A Service Bulletin also says "fix this" - the difference between that and an AD is that the aircraft should not be considered airworthy without the repair being done promptly (and supervised by the regulatory authority) in the case of the latter, which was not the case based on the evidence prior to AF447.

(PS. My question here : http://www.pprune.org/rumours-news/3...ml#post6661648 remains unanswered - did you see it, and would you like to give it a go?)

Airbus covered as many bases as possible by releasing the Service Bulletin and advice to pilots for procedures to follow in the case of a UAS incident. These procedures were not followed in the case of AF447, whether due to human factors, poor training or a combination of the two.
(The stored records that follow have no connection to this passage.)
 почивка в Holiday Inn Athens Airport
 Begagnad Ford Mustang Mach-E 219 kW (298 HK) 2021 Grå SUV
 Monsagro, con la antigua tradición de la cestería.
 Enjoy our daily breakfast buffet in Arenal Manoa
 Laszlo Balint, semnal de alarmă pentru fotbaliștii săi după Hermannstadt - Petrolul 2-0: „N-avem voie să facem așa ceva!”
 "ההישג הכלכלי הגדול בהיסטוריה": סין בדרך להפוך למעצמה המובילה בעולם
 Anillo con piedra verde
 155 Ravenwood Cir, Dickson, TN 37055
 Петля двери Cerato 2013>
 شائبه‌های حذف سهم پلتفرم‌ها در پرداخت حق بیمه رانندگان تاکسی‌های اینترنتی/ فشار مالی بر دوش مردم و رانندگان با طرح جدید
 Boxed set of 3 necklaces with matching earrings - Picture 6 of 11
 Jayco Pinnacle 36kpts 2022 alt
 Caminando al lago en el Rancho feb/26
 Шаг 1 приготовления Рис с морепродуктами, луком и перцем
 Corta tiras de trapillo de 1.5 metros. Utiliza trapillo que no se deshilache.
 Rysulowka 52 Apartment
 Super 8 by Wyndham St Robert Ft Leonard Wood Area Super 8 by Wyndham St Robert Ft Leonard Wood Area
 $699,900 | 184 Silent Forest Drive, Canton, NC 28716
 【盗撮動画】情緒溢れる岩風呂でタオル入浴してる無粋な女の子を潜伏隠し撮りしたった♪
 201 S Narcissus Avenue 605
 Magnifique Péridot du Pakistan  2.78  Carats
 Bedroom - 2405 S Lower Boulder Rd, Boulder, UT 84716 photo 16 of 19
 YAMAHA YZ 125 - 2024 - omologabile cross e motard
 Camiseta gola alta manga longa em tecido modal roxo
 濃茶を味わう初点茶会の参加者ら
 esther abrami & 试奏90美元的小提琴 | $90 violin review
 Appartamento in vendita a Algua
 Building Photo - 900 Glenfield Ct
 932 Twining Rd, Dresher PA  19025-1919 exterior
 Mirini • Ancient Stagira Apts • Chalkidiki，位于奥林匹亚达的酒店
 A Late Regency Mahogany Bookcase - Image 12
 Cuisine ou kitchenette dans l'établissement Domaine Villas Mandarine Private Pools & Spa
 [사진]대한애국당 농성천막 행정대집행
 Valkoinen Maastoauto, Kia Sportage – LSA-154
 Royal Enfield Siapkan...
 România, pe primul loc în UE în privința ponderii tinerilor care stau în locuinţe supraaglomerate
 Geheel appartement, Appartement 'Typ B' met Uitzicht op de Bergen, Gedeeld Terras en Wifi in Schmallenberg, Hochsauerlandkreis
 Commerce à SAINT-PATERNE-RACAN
Whatever the outcome of the debate over the stall warning logic at low speed, the fact is that the aircraft would not have stalled in the first place had proper airmanship been applied, and no matter how many some may wish for evidence supporting the automatics being behind the initial zoom climb, that evidence does not exist. Instead there's plenty of evidence supporting manual input causing the zoom climb, followed by a failure to diagnose stall and an attempt to "power out" of the upset, and unless you're prepared to provide evidence that the BEA have somehow falsified the flight recorder traces, then that is the most likely conclusion.

The BEA are not content to "blame the pilots" and leave it at that, however and the presence of an in-depth human factors investigation proves that - so to say that they are protecting the regulator, manufacturer or airline is nothing short of a big, fat lie. As I said earlier, the A330 is a success and the project has broken even - what is there to "protect"?